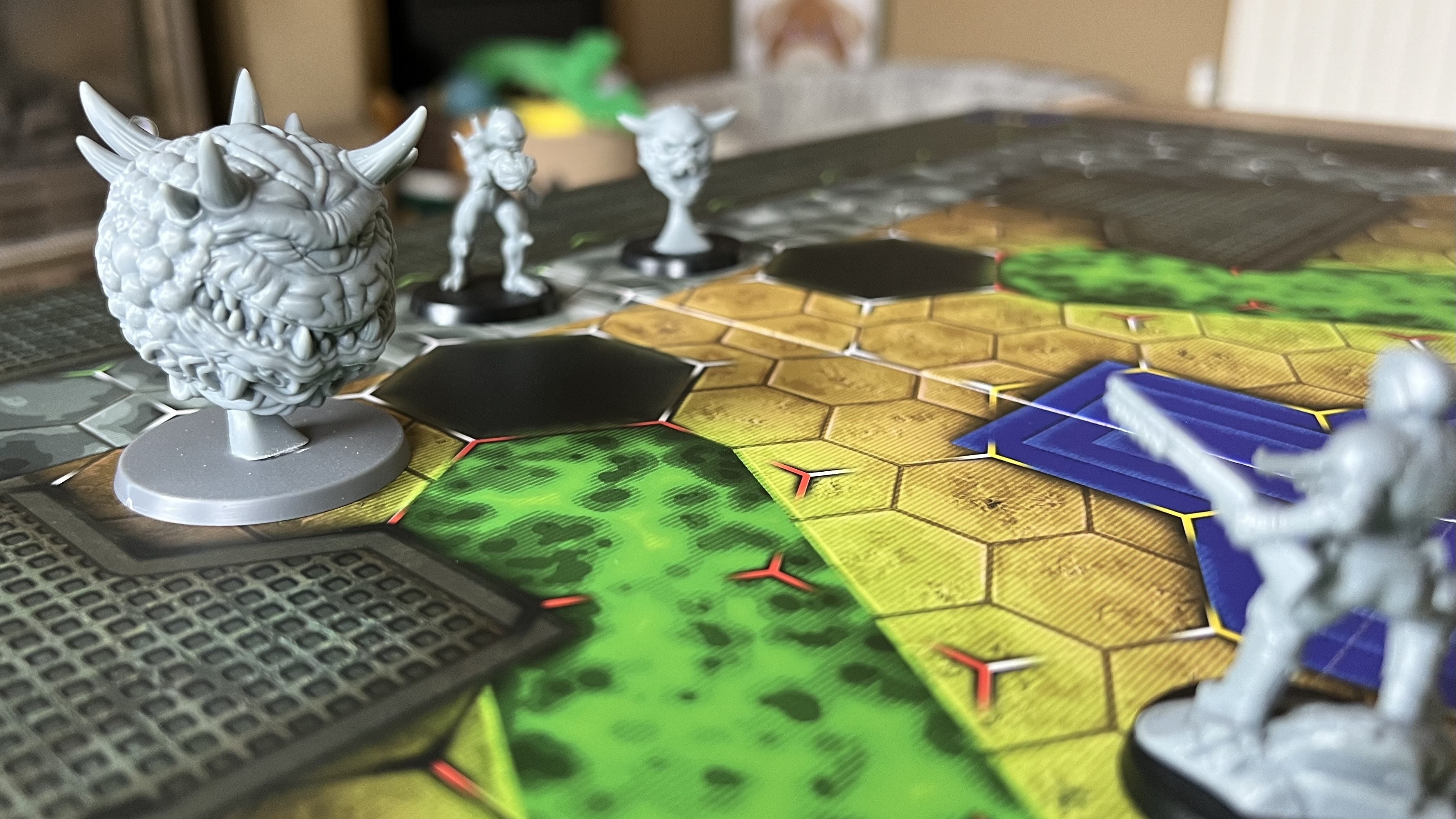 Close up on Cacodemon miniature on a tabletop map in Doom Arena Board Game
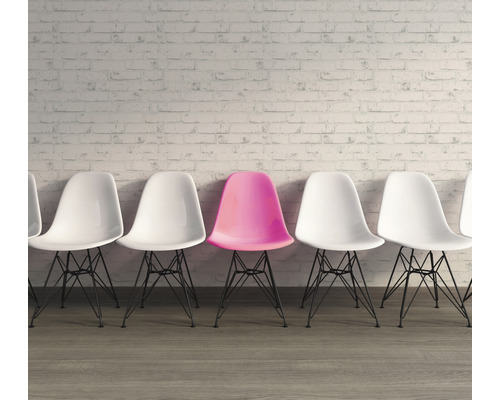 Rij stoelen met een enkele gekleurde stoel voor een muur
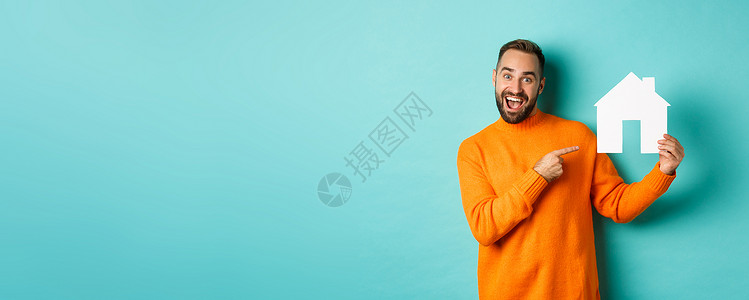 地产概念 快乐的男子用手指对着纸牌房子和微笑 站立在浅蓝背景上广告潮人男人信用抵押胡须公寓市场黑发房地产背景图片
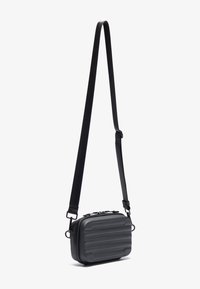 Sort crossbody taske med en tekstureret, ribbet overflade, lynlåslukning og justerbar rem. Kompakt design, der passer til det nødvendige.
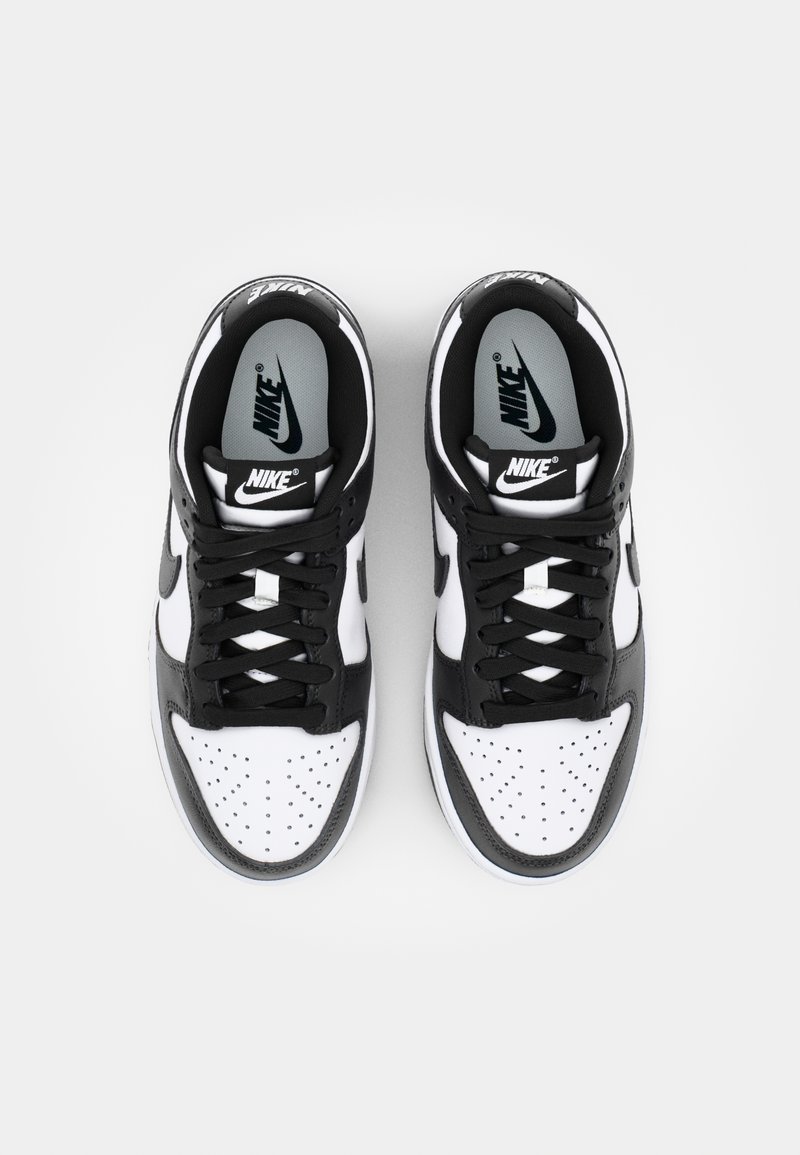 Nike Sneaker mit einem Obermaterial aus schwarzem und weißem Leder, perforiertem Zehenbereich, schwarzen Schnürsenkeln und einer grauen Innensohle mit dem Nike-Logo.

++++

What is needed
Each record must be quoted in full and exactly. Do not include the pictures.

Answer box
 Close up on Cacodemon miniature on a tabletop map in Doom Arena Board Game
 Rij stoelen met een enkele gekleurde stoel voor een muur
 地产概念 快乐的男子用手指对着纸牌房子和微笑 站立在浅蓝背景上广告潮人男人信用抵押胡须公寓市场黑发房地产背景图片
 Sort crossbody taske med en tekstureret, ribbet overflade, lynlåslukning og justerbar rem. Kompakt design, der passer til det nødvendige.
 Nike Sneaker mit einem Obermaterial aus schwarzem und weißem Leder, perforiertem Zehenbereich, schwarzen Schnürsenkeln und einer grauen Innensohle mit dem Nike-Logo.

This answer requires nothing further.